Proposed legislation in both the U.S. House and Senate would replenish the fund, but the bills have sat largely stalled since the summer.

Representative Earl Blumenauer, a Democrat from Oregon, is the sponsor of one of the replenishment bills.

Janine Kritschgau, a spokesperson for the Blumenauer, said there are enough votes for the replenishment measure to pass the House, noting that the hold-up is in the Senate.

"44 Republicans—including both of North Carolina's senators—have yet to support it. They would need four more Senate Republicans to pass it," Kritschgau stated.

Legislation trackers show both replenishment bills in the Senate have bipartisan support, but neither of North Carolina's senators has signed on as co-sponsors.

In a statement, Adam Webb, a spokesperson for Senator Thom Tillis of North Carolina said the senator has "played an active role" in pandemic relief for businesses across the Tar Heel State but did not note any specific support for the replenishment measures.

"He strongly supported the CARES Act and the Paycheck Protection Program that provided businesses the resources they needed to make payroll and stay afloat. After passage, Senator Tillis co-sponsored the Paycheck Protection Flexibility Act that increased a company's flexibility over the original PPP dispersal timeline, allowing companies, especially those in the hospitality sector, to have more control over the timing/speed with which they used their PPP funds.
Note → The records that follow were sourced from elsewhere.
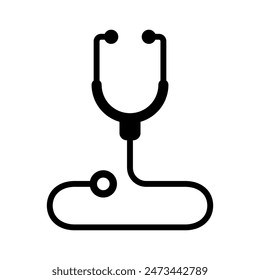 Stethoscope icon vector design illustration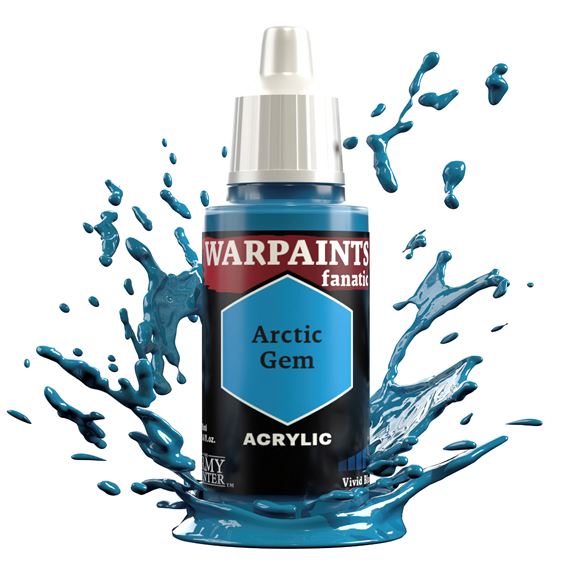 WP3029 Arctic Gem Acrylics 2 Copy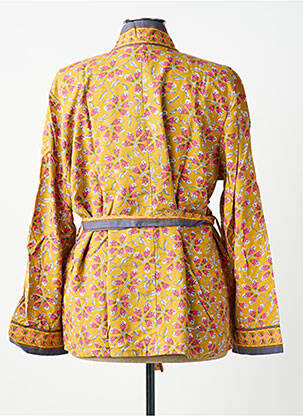 Jachete kimono mâneci lungi verde DAMART femeie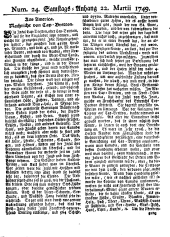 Wiener Zeitung 17490322 Seite: 9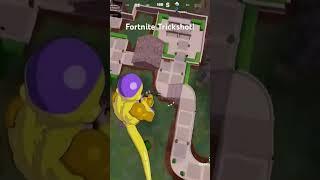 Fortnite Trickshot! #solovssquads #fortnite #fortniteschapter4season4 #fortniteclips #season4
Senator Tillis will continue to listen to North Carolina businesses and work to ensure we protect jobs for North Carolina families," Webb wrote.
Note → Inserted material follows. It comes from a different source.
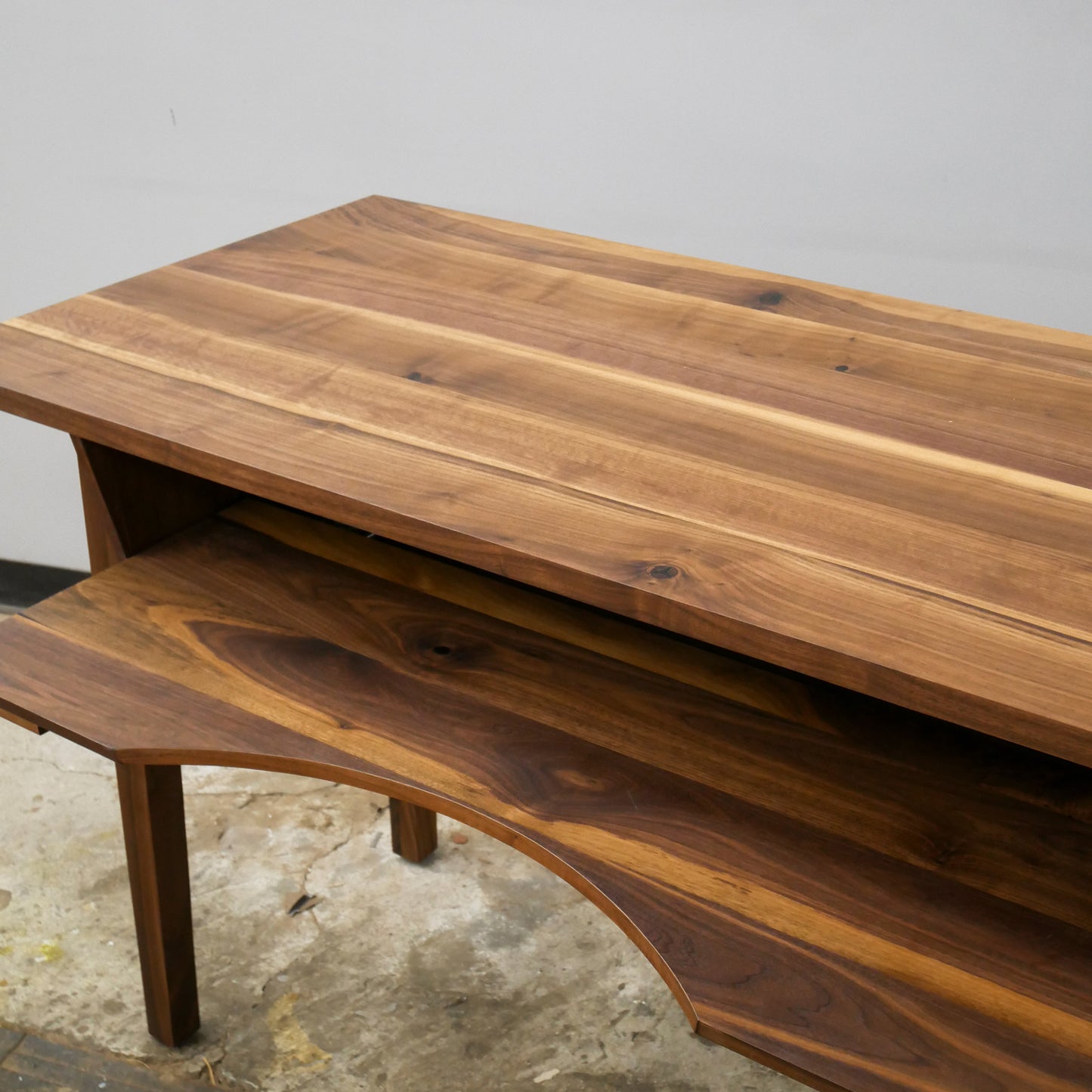 Minimalist Studio Desk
A spokesperson for Senator Richard Burr, of North Carolina, pegged the lack of movement on Democratic counterparts.

“Senator Burr supported more than $2 trillion in emergency COVID relief funding as part of the CARES Act, which Republicans led in 2020," the statement from Burr's office read. 
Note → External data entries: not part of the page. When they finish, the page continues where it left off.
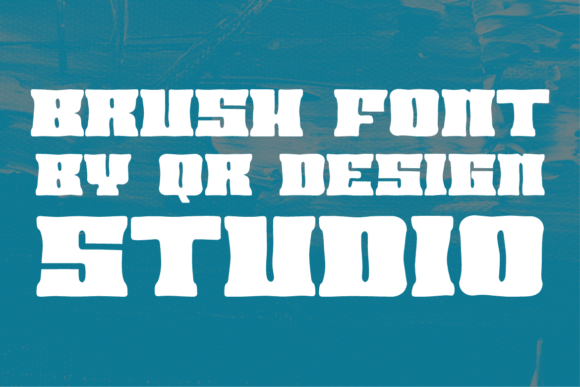 Difox Grocky Brush Font - Preview 3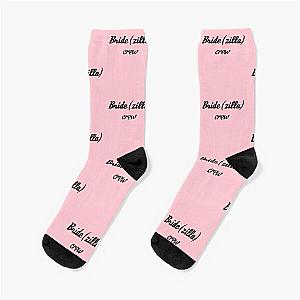 Bridesmaids shirt Socks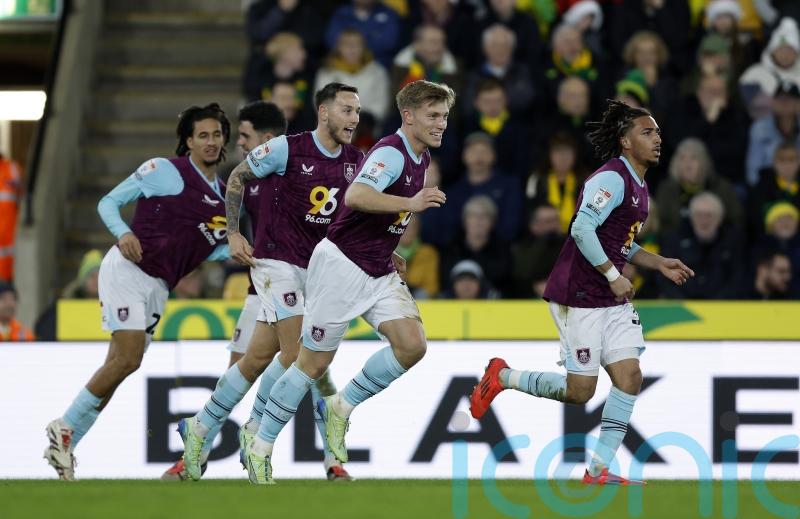 Burnley edge comeback win at Norwich and reclaim third place in Championship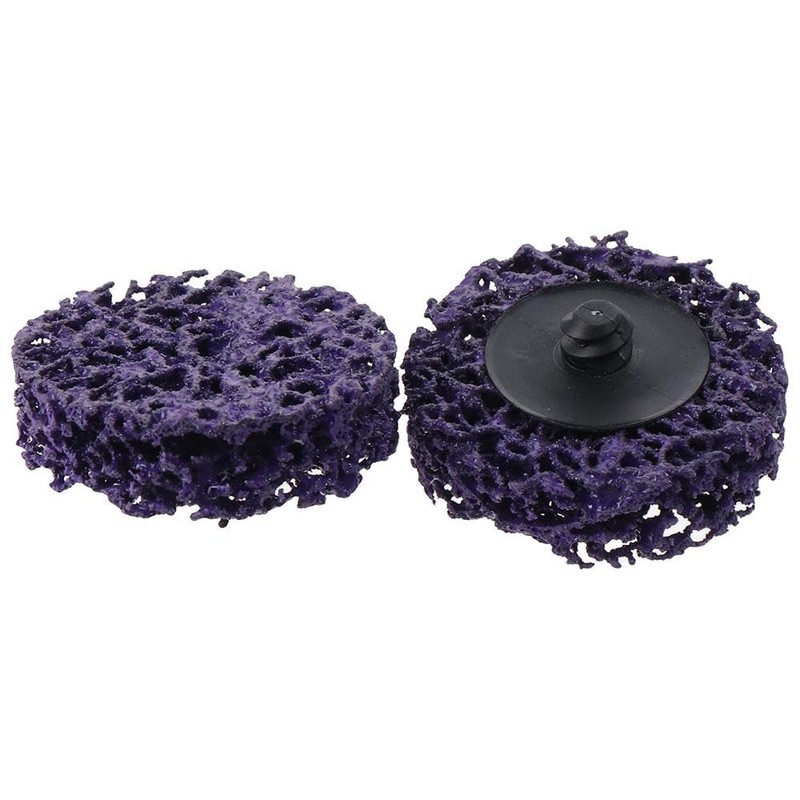 Fudeshe 11 Pack 2" Quick Stripping Disc, Quick Change Easy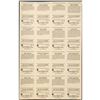 Image 2 : 1983 SASKATCHEWAN ROUGHRIDERS POLICE SET - UNCUT SHEET
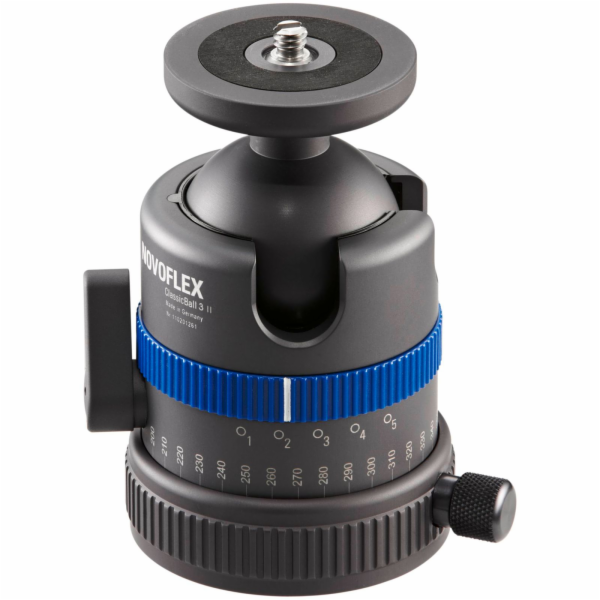 Hlava stativu Novoflex Classic Ball 3 II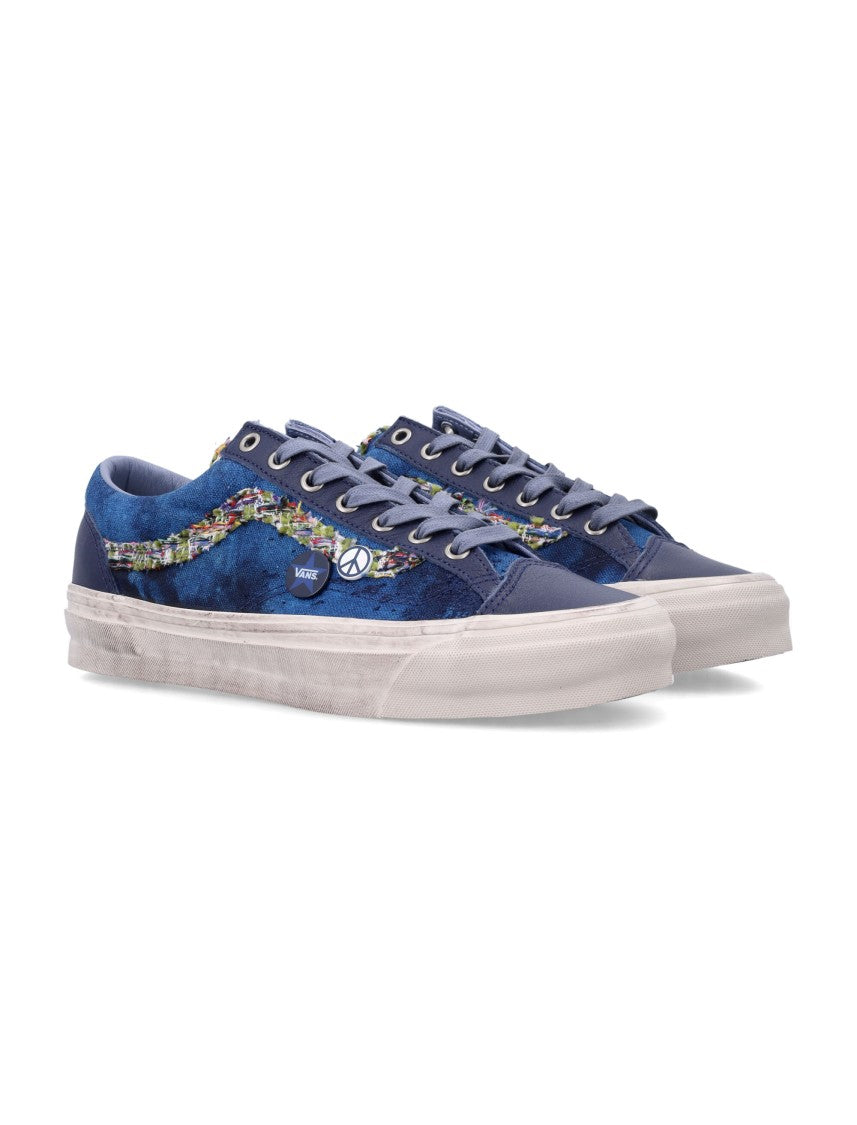 Vans Lx Old Skool 36 Souvenir Tie-Dye Low-Top Sneakers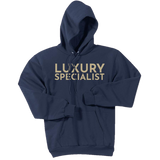 Gold Luxury Specialist - Pullover Hooded Sweatshirt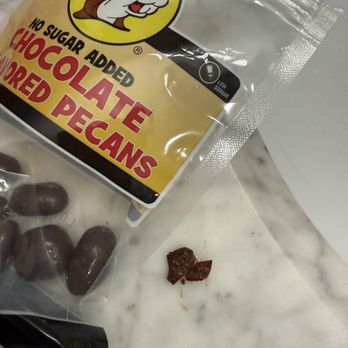 Buc-ee's - The original bag, and next to it is the pecan's shell. - Gas Stations Near Me - Fort Worth, Texas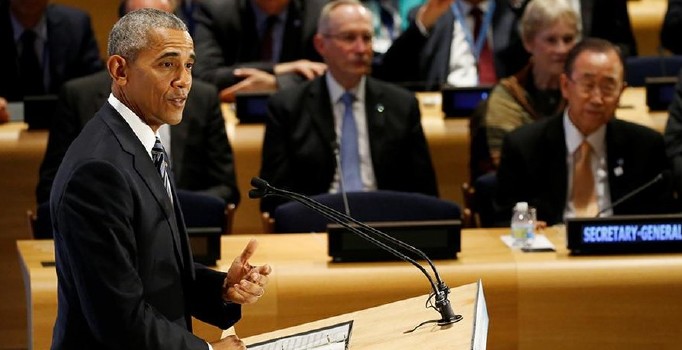 ABD Başkanı Barack Obama mültecilere yardım zirvesinde Almanya'ya teşekkür etti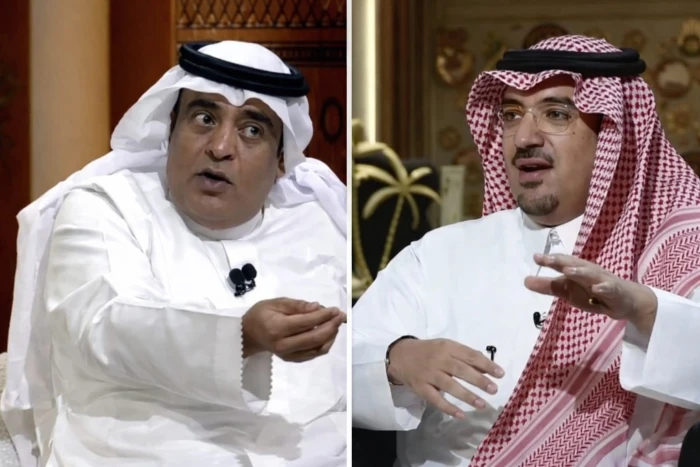 «قص لساني عند البنك».. بالفيديو.. أول تعليق من "الفراج "على عبارة للأمير نواف بن فيصل في لقاء سابق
"Any additional relief would still be considered emergency funding, and because of that should be passed through either an additional COVID emergency relief bill or through the budget reconciliation process. With Democrats currently in control of the House and Senate, and setting the agenda for their massive spending bill, it would be up to them to include funding for the Restaurant Revitalization Fund.”

A Final Request

While restaurants wait, Dressler said there are ways diners can do their part to help during this unprecedented time.

First, he asks people to have patience, and second, he would like people to dine courteously.

"If you have a reservation, and you can't make it, call and cancel that reservation, because tables are tight,"  Dressler said. "Staffing is tight in a lot of places. Restaurants are trying to maximize revenue on nights that you can, and having people not show up is very disrespectful."